** REQUIRED WORK **
In the entries below, find the line with "Changan Eado 2023" and the line with "Milford Sound", then retype both and everything between them exactly. Do not copy the pictures.

** DATA EXCERPTS **
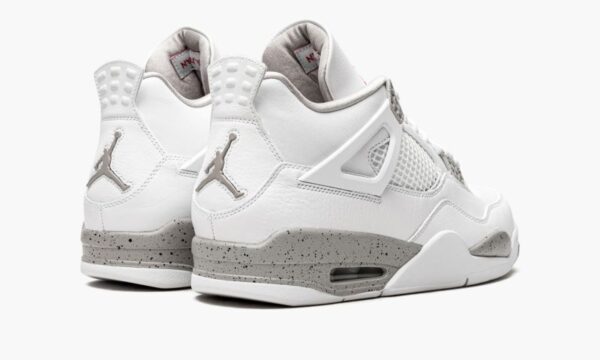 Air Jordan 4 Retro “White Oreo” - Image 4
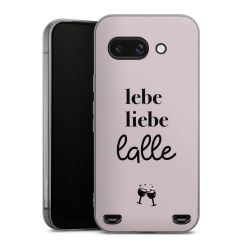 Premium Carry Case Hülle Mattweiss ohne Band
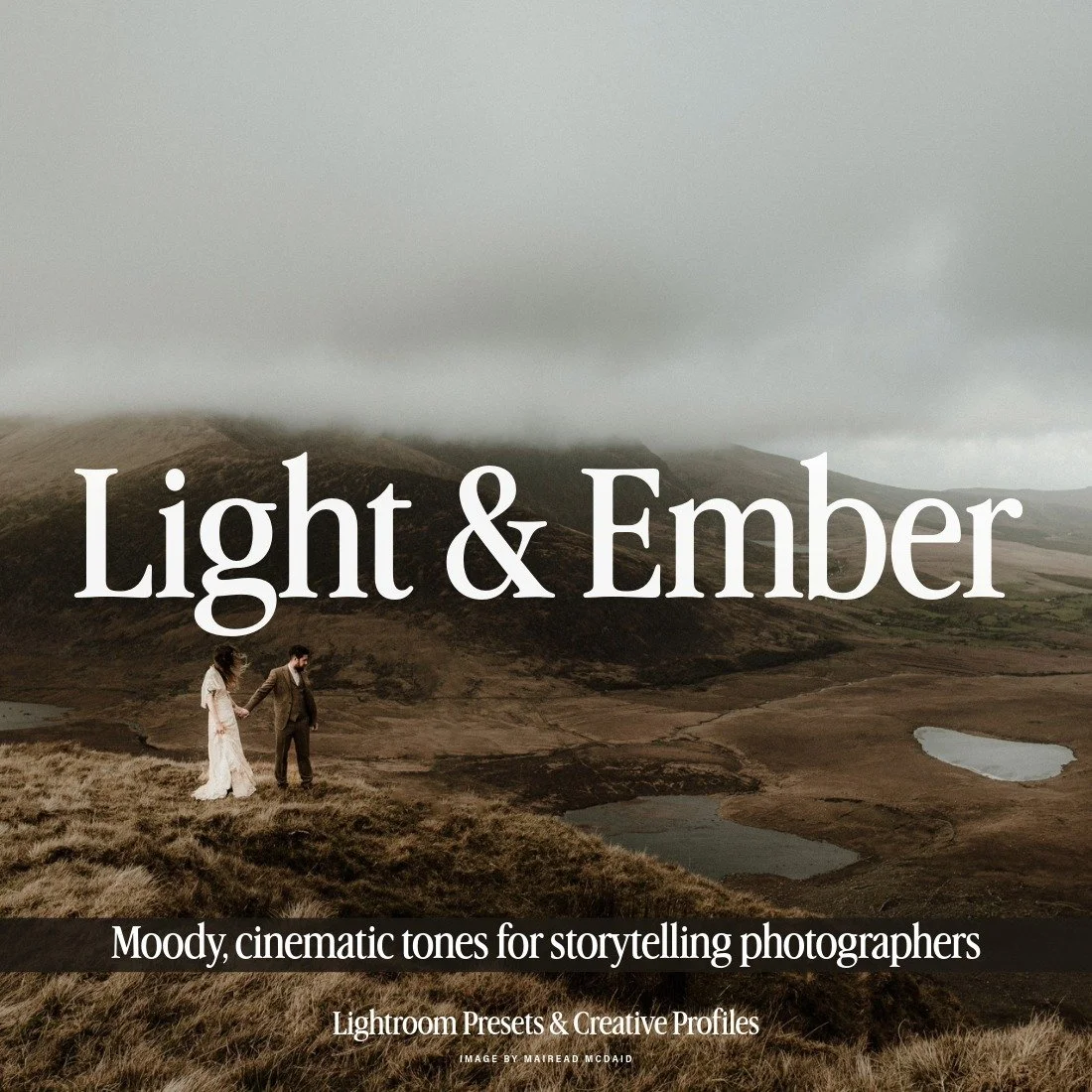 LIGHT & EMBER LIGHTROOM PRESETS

* * *

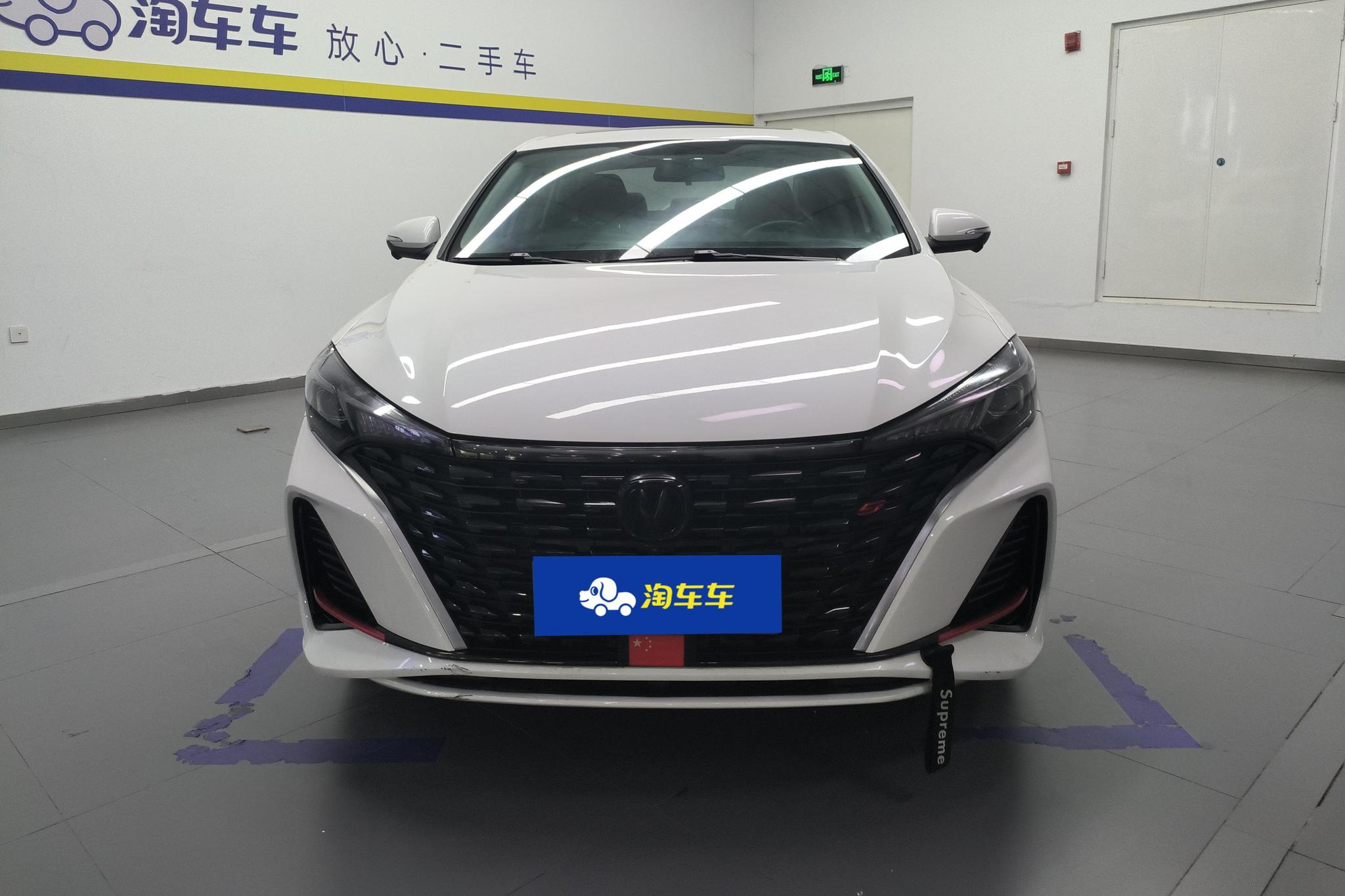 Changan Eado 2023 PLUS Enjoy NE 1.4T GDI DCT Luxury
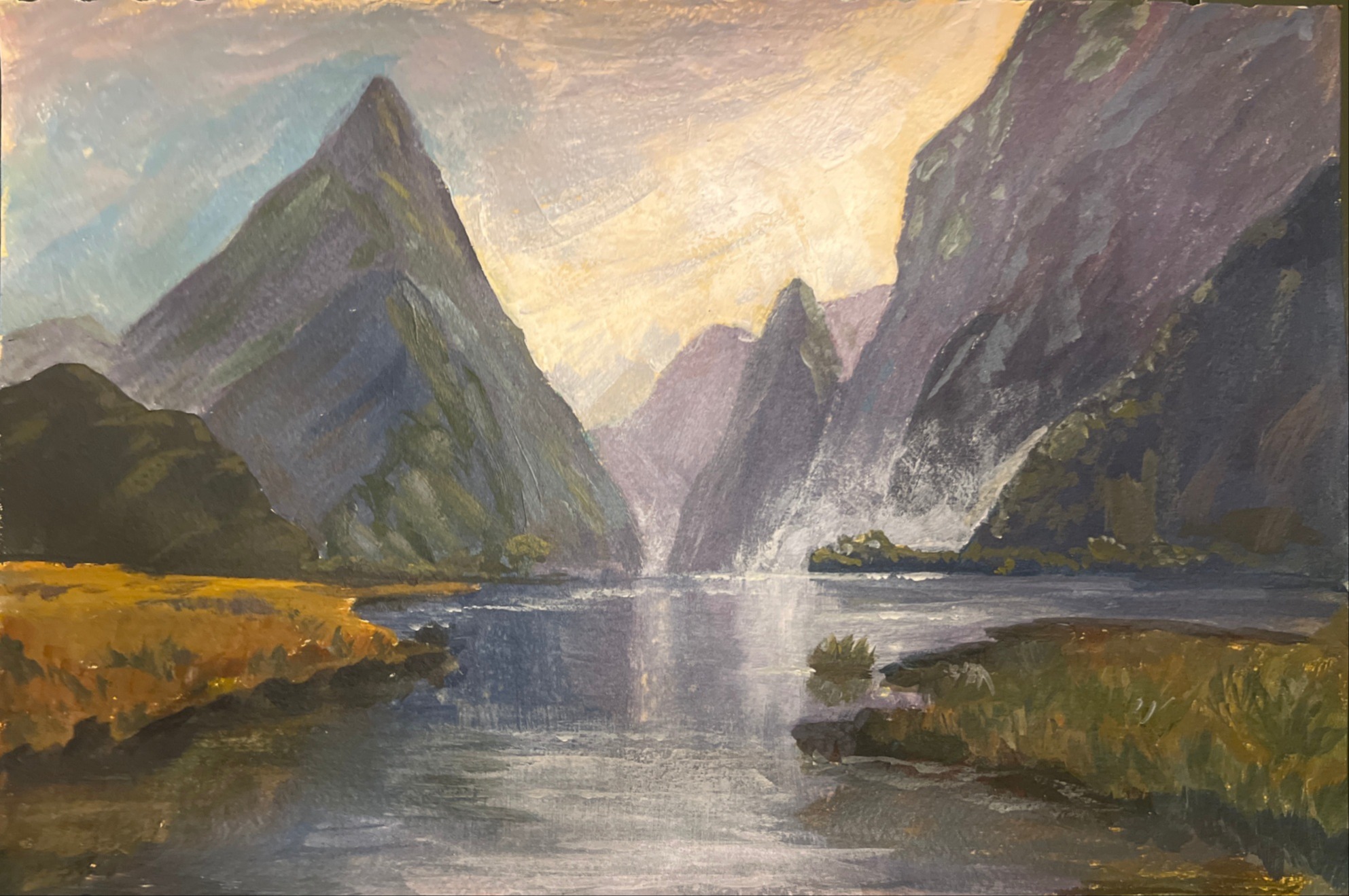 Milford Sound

---

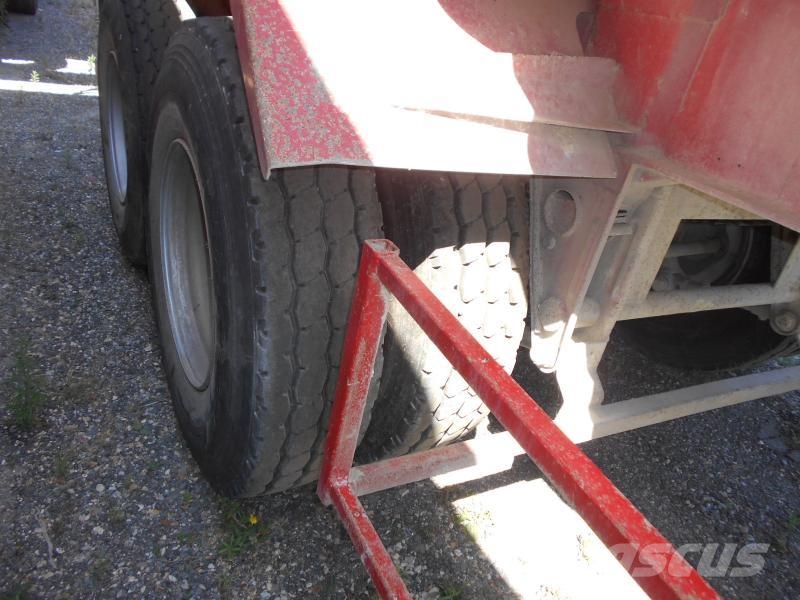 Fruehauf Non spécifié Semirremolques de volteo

** FINAL ANSWER **
 Changan Eado 2023 PLUS Enjoy NE 1.4T GDI DCT Luxury
 Milford Sound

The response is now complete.